Data extract START

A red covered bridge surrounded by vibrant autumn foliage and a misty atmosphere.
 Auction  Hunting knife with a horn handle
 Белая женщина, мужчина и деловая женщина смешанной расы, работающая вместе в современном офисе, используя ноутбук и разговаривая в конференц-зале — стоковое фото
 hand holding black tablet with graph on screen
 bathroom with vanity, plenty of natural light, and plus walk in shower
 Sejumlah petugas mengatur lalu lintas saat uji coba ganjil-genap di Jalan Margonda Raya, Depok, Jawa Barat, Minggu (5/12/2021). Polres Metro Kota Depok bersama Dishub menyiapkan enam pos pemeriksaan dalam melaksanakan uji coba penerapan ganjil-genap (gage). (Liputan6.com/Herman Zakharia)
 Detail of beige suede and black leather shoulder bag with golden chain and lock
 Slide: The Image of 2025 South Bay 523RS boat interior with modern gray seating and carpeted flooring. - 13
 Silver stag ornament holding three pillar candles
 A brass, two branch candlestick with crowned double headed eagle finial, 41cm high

Data extract END

▶ _Exercise brief_
For the string "holding", give the number of lines in the entries that contain it, with no other words.

▶ _Answer below_
2